Segundo projeto aprovado hoje pela CREDN, direitos de propriedade intelectual, os quais fazem significado diferencial na competitividade internacional, poderão servir de garantia para o acesso de Empresas Estratégicas de Defesa aos programas de financiamento previstos em lei (Foto: AVIBRAS)

Os direitos de propriedade intelectual, que fazem a diferença na competitividade internacional, poderão servir de garantia para o acesso de Empresas Estratégicas de Defesa (EED) aos programas de financiamento do governo federal previstos em lei.

É o que pretende projeto de lei da deputada Perpétua Almeida, presidente da Subcomissão Permanente dos Projetos Estratégicos das Forças Armadas, aprovado hoje pela Comissão de Relações Exteriores e de Defesa Nacional (CREDN) da Câmara dos Deputados.

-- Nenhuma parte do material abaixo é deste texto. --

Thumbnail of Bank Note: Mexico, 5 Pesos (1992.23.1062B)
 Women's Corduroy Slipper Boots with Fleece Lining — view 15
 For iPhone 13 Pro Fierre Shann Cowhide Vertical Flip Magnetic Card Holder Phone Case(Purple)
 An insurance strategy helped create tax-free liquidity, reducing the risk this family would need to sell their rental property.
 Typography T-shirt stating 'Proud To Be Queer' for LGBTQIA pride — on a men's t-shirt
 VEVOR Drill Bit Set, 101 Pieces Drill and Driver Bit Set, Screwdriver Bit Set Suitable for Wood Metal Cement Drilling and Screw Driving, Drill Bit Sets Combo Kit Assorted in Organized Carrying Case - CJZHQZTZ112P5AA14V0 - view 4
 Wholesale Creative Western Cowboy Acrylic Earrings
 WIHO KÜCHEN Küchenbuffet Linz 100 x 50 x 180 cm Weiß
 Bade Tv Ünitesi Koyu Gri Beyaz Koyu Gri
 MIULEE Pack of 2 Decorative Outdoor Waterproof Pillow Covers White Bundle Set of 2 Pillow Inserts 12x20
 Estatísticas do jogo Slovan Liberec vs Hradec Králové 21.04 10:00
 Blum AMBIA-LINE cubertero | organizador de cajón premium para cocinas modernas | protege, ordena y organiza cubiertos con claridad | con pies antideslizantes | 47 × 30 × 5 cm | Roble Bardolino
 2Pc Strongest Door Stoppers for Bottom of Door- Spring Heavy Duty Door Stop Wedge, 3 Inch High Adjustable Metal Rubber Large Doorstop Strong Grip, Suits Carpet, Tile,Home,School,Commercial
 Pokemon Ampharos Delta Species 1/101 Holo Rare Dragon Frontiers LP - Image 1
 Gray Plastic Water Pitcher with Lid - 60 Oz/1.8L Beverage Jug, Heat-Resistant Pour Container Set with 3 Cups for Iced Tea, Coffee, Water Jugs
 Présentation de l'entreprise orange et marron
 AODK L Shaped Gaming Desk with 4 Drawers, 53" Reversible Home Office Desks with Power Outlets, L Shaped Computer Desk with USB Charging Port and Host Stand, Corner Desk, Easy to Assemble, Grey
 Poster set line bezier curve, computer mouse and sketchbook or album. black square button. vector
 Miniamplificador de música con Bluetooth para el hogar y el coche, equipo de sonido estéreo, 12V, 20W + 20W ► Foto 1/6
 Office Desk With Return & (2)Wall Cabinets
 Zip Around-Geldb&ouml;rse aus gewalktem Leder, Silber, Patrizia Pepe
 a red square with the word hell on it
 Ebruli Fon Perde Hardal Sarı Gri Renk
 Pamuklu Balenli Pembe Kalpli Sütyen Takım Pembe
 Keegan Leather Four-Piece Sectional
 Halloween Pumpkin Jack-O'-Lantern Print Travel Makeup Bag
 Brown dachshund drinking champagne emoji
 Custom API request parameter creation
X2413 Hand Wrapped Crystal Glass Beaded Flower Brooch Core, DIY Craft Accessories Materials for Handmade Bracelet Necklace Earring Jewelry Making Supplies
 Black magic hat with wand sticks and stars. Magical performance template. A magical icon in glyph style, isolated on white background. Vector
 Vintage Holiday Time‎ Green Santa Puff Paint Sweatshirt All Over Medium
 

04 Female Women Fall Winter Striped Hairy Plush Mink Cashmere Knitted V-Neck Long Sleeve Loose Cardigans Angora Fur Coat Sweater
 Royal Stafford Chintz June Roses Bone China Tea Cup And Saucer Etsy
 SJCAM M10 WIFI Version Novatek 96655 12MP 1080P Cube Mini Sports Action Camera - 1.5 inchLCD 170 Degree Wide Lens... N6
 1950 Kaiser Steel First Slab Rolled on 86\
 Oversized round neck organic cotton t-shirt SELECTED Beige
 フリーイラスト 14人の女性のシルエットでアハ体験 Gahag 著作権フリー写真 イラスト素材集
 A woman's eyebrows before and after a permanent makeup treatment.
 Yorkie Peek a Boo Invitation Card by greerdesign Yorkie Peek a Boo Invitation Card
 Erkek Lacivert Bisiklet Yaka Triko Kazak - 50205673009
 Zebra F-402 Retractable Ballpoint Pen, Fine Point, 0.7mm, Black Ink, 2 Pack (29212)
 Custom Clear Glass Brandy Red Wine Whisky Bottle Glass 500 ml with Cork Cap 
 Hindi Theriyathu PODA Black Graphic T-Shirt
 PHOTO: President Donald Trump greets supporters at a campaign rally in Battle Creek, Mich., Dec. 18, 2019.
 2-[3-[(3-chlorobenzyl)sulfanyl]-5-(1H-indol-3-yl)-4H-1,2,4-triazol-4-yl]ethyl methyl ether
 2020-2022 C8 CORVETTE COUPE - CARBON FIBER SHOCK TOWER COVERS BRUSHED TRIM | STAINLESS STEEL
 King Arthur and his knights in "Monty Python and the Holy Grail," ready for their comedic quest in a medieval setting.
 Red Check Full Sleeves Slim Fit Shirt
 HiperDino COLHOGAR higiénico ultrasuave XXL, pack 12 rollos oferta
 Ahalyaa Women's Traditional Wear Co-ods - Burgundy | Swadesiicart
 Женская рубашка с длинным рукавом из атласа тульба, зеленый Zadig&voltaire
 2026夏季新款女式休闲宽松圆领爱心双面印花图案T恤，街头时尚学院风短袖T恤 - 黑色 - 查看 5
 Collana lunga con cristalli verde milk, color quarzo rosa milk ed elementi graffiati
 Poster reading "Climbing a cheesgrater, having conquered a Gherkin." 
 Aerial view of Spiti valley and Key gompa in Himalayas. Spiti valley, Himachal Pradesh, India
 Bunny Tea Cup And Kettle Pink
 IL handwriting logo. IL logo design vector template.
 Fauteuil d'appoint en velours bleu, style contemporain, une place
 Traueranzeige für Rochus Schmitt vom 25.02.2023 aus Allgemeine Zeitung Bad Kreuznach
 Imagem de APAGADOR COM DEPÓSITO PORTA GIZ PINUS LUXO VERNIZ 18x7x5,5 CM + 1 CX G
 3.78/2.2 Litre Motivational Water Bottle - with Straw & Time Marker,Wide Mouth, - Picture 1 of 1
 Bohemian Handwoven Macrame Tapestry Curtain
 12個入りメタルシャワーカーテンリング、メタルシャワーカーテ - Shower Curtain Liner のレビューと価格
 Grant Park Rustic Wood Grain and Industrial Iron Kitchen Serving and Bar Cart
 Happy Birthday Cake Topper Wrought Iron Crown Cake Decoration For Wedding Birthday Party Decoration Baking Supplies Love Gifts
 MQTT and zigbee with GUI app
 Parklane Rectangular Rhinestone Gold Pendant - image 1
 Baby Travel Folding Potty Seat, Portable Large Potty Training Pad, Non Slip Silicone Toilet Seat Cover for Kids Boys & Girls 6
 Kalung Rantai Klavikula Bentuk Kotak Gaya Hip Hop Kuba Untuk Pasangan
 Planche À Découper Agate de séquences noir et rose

Segundo a deputada, “as Empresas Estratégicas de Defesa, que por um longo período não tiveram condições de estruturarem seu parque tecnológico, seja em pesquisa e desenvolvimento seja em estruturas produtivas, necessitam de financiamento para garantirem a atualização necessária à competitividade nacional e internacional”.

O radar SABER M60, da BRADAR

A deputada explicou que há décadas inúmeras empresas persistem no fortalecimento de uma cadeia produtiva nacional, investindo em tecnologia própria e capacitando a criatividade de técnicos brasileiros.

“Entretanto, diante das crises econômicas conjunturais e o arrefecimento do mercado consumidor, o acúmulo de capital financeiro e/ou industrial das empresas de defesa ficaram distantes das exigências de garantias necessárias ao acesso de financiamentos.

O Executivo, através dos seus programas de incentivo e financiamentos, busca oferecer condições para que estas empresas possam acessar linhas de crédito e fortaleçam seu parque industrial com melhor remuneração de sua equipe técnica e capacidade para exportar”, finalizou a parlamentar.

Vista interna do Centro de Operações de Artilharia Antiaérea, de tecnologia nacional e montado sobre viatura Agrale Marruá, que distribui as estações de tiro os alvos captados pelo radar SABER M60 (fotos: Roberto Caiafa)

Estudo realizado pelo Departamento da Indústria de Defesa da FIESP (Comdefesa) mostra que em 2012, a indústria de alta tecnologia, na qual se enquadra a de defesa, foi responsável por apenas 6,7% do total das exportações brasileiras.